So I’m sitting at lunch with some of the other speakers at a recent commercial loan workout conference (I was speaking on the use of receivers to complete and sell new housing projects), and someone mentions that vulture investors are buying, and in some cases foreclosing on, CFD and Mello Roos bonds to acquire distressed tract housing developments.He goes on to explain that the construction loans that finance new tract housing developments are frequently subordinated to the Community Facilities District (CFD) or Mello Roos bonds that are used by developers to finance the extensive and expensive infrastructure (streets, sidewalks, utilities, etc.) in a new housing subdivision. As a result, when no one is making the bond payments, since the developer is gone and there are no homeowners yet to make the bond payments, the bond holder can foreclose on the housing subdivision – wiping out the construction lender, and everyone else with lower priority liens.

That leaves the construction lender with three options: 1) Bring the CFD bonds current and keep them current (through the developer or a receiver, or after they’ve completed their foreclosure); 2) Try to buy the bonds outright; or,  3) Lose the housing subdivision (the colateral) to foreclosure by the bondholder.

As a result, vulture investors are starting to look for non-performing CFD bonds and buying them at steep discounts to their face value, with the expectation that they will receive a very high return if the bonds are brought current, or to acquire the underlying real estate at a deep discount and then resell it to another developer.

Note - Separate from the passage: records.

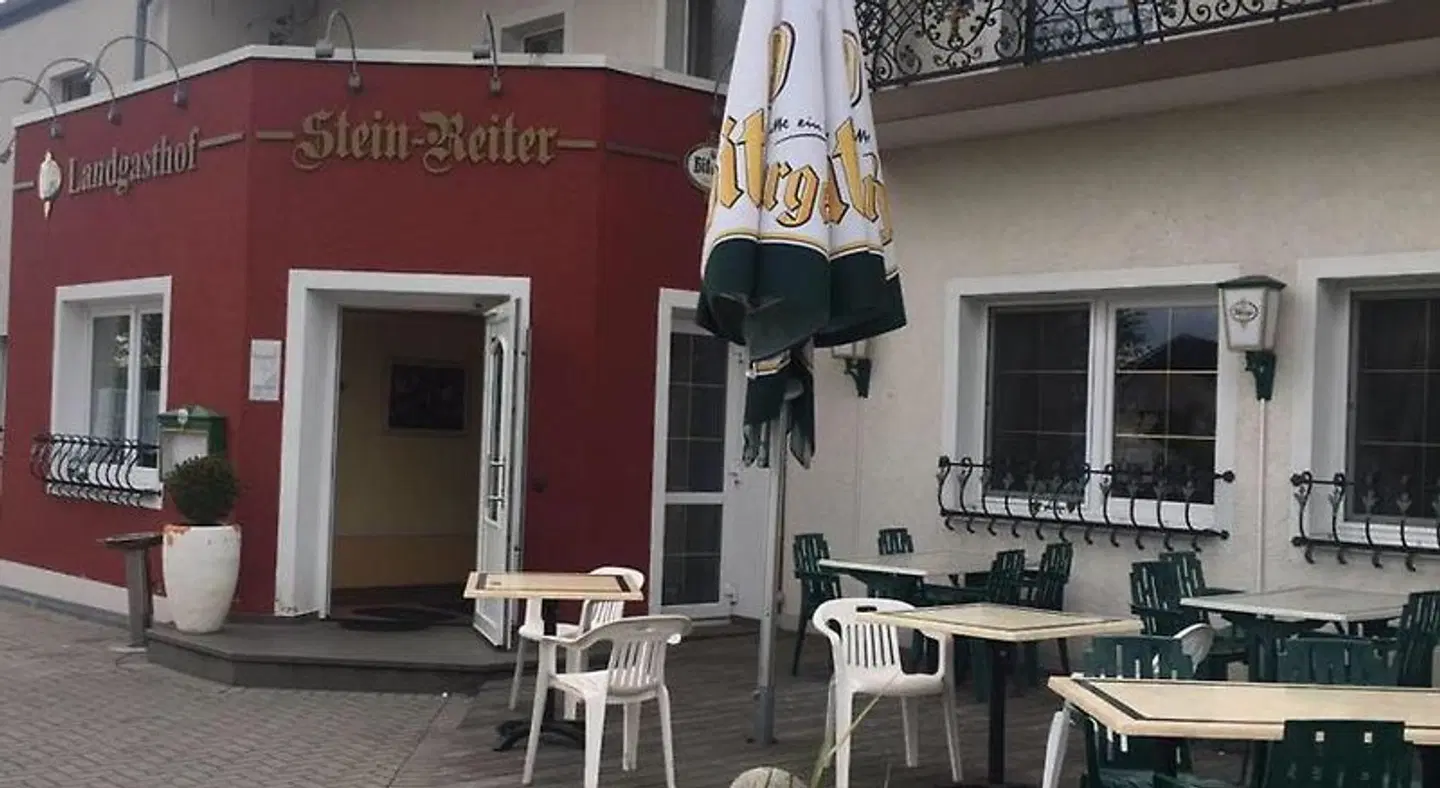 Gasthaus "Zur alten Dorfschmiede" Terrasse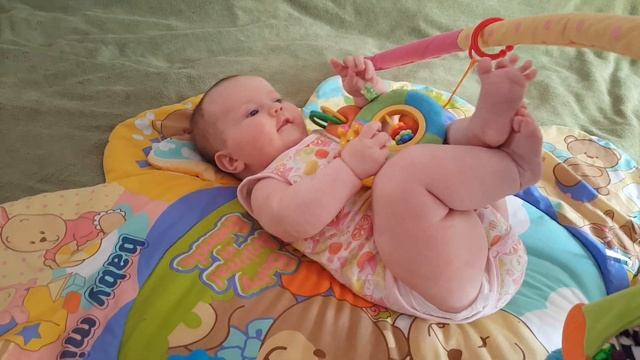 ПЕРВЫЕ ИГРУШКИ ДЛЯ НОВОРОЖДЕННОГО/РАЗВИВАЮЩИЕ ИГРУШКИ/ТОП 5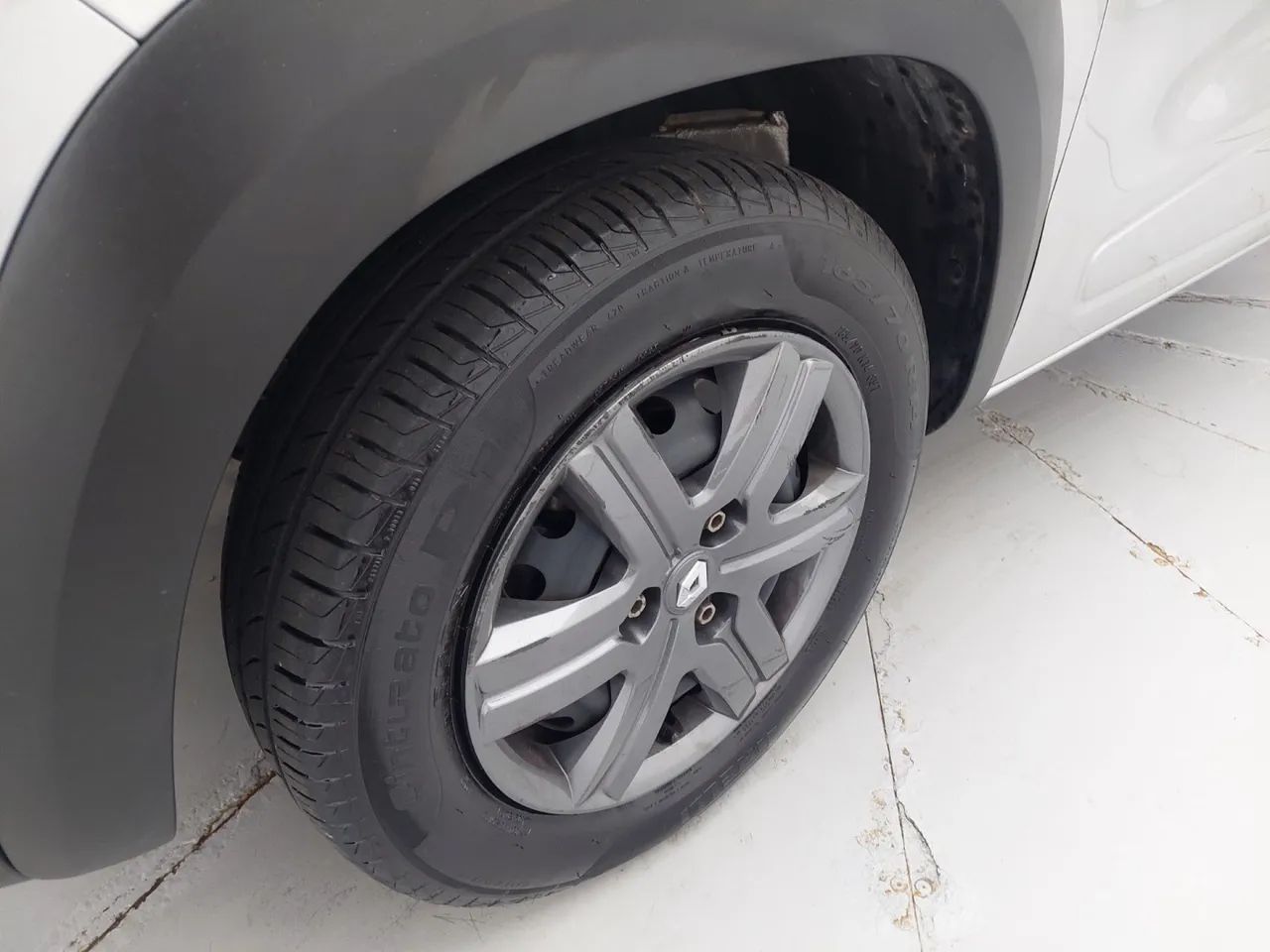 Renault Kwid 1.0 Zen, foto 11 de 18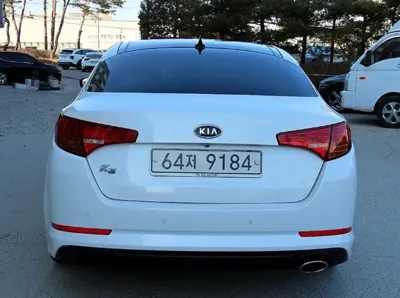 Kia K5 2011, 44104 км, за 3246.16 USD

It’s a pure financial play, so these vulture bond investors are particularly focused on housing subdivisions with completed entitlements and construction. If entitlements are not yet perfected, then they’re forced to become developers themselves in order to preserve the public agency approvals. Incomplete construction makes for a fairly complex and lengthy due diligence effort to determine the additional cost to complete the subdivision infrastructure. Both represent challenges that most of these investors are not equipped to address.

So, if construction lenders don’t have enough problems already, they need to be on the lookout for defaulted CFD and Mello Roos bonds on their non-performing housing subdivision construction loans. It’s no longer enough to just focus on the non-performing developer and guarantor that sits above you in priority, you’ve got be looking out below.